Imagine the following system:

• Two flat, but rough, surfaces of the same finite area $$A$$ being brought together.
• The roughness of the surfaces is much less in magnitude than the total thickness of the two bodies hosting these surfaces.
• These bodies have the same electrical resistivity $$\rho$$.
• Body 1/Surface 1 is fixed in space.
• Surface 2 is pressed against Surface 1 with force $$F$$.
• Each body has the same Meyer hardness $$H$$.
• The surfaces are perfectly clean.

The true mechanical contact area $$A_m$$ is much smaller than the nominal contact area $$A_n=A$$. Given this fact, the actual pressure at the contacts is much higher than you might initially expect, typically of the order of the strength of the material that the bodies are made of. It is suggested that the contact pressure is equal to the flow pressure of the bodies and plastic flow occurs.

Taking the above, the we can make the assertion:

$$F=A_mH$$

It seems quite counter-intuitive at first that there is no presence of $$A$$ in the equation. In other words, it doesn't matter how large the contacting surfaces are, for the same force they will have the same $$A_m$$. I'll leave the book (link above) to explain this further.

Following some additional working in the book, we obtain the following important equation, that appears to be generally accepted:

$$R_c=\sqrt{\frac{\rho^2\eta\pi H}{4F}}$$

Here $$\eta$$ is related to how clean the surfaces are. We will make $$\eta=1$$, based on our earlier assumption that the surfaces are clean. We will now say:

$$R_c=\frac{k}{\sqrt{F}}$$

Where $$k=\sqrt{\frac{\rho^2\pi H}{4}}$$.

So, $$R_c$$ is proportional to the inverse square root of $$F$$. I find this relationship a little odd. Why I find it odd, should make more sense based on a parallel problem below.

For a fixed $$F$$ let's model $$R_c$$ as just a simple resistor. Say I split $$A$$ into 4 smaller but equal areas, $$A_s$$, such that $$A=4A_s$$. I should be able to treat each $$A_s$$ as a resistor with resistance $$R_s$$. Now we have 4 resistors of resistance $$R_s$$ that are in parallel with each other, one for each area $$A_s$$. Given that these resistors are in parallel with each other, it should be pretty straightforward, via Ohm's Law, to relate $$R_c$$ to $$R_s$$:

$$R_s=4R_c$$

The resistance of $$A_s$$ is 4 times larger than the resistance of $$A$$. This makes sense to me, 1/4 of the cross-sectional area means 4 times the resistance. Sum them all together in parallel and you get $$R_c$$. It all adds up.

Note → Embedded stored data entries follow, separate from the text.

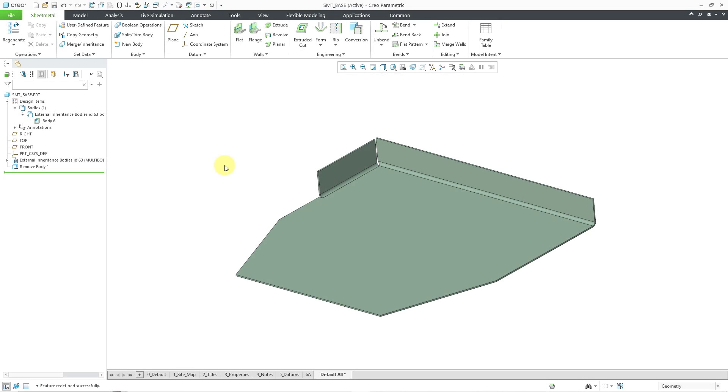So there you have it. That is how you can design in context using full multi-body functionality with sheet metal as well as extracting sheet metal bodies in Creo Parametric 11.0.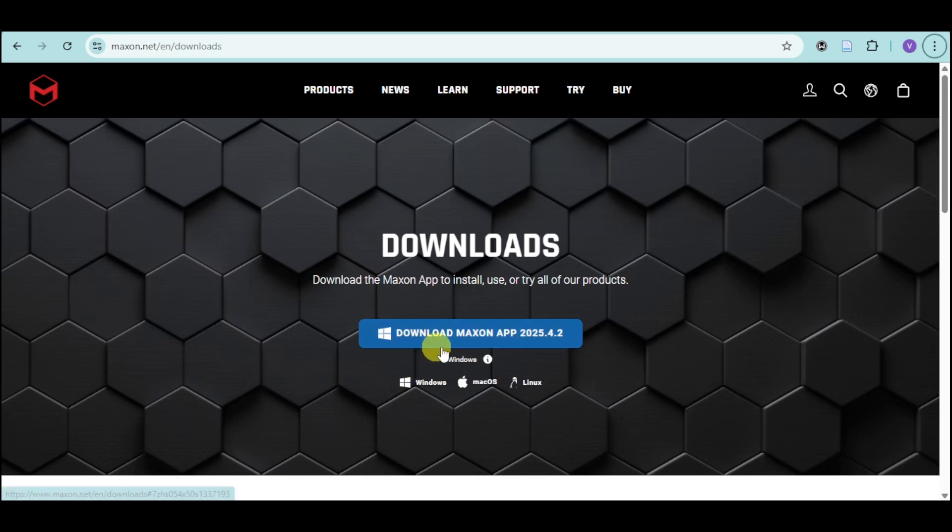Click on download Maxson app because this is the installer you'll need for Trapcode. Once installed, you'll see all the tools included like Particular, Form, Tao, and more.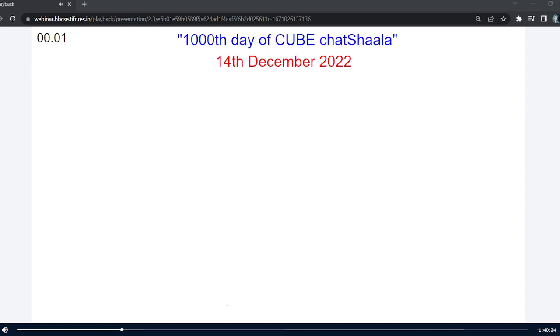Thank you so much Philanthus collaborators for presenting this work. Thank you.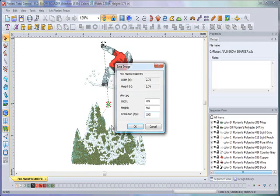It's really very simple. This is a wonderful feature for sending your clients the picture of the design that you just digitized for them.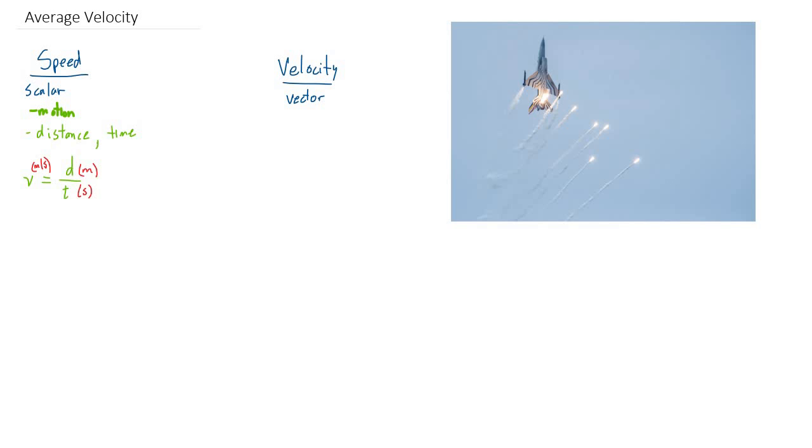And that's a helpful tip, by the way. If you ever forget a formula, or you don't have a formula sheet handy, what you might do is think of the units. If you know that speed or velocity is measured in meters per second, well, meters is a distance, and seconds is a time, so you need distance per time.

But think about it in relation to our $$\sqrt{F}$$ relationship above. For a fixed $$F$$, evenly distributed, isn't the force applied to $$A_s$$ equal to $$\frac{F}{4}$$? If so, our equation for $$R_s$$ becomes:

$$R_s=\frac{k}{\sqrt{\frac{F}{4}}}=\frac{2k}{\sqrt{F}}$$

Relating this to equation for $$R_c$$ above gives us the relationship:

$$R_s=2R_c$$

I appear to have two contradicting statements for how to relate $$R_s$$ to $$R_c$$, with a factor of $$\sqrt{N}$$ difference, where $$N$$ is the number of smaller areas I choose to split the surface into. If $$R_c$$ was proportional to $$\frac{1}{F}$$ instead, this would fix the issue.

Given that I am trying to do finite element analysis, I have a significant issue here. Any ideas where I am going wrong?

I've been doing some more thinking and went down the dimensional analysis route (thanks Ben Crowell) to see what my, possibly incorrect, assumption about evenly distributed force and resistance might lead to as an equation. Strangely enough, it seems to give a more sensible contact resistance for realistic values of the parameters in the equation, for my scenario. Clearly, this could just be coincidence, but here goes.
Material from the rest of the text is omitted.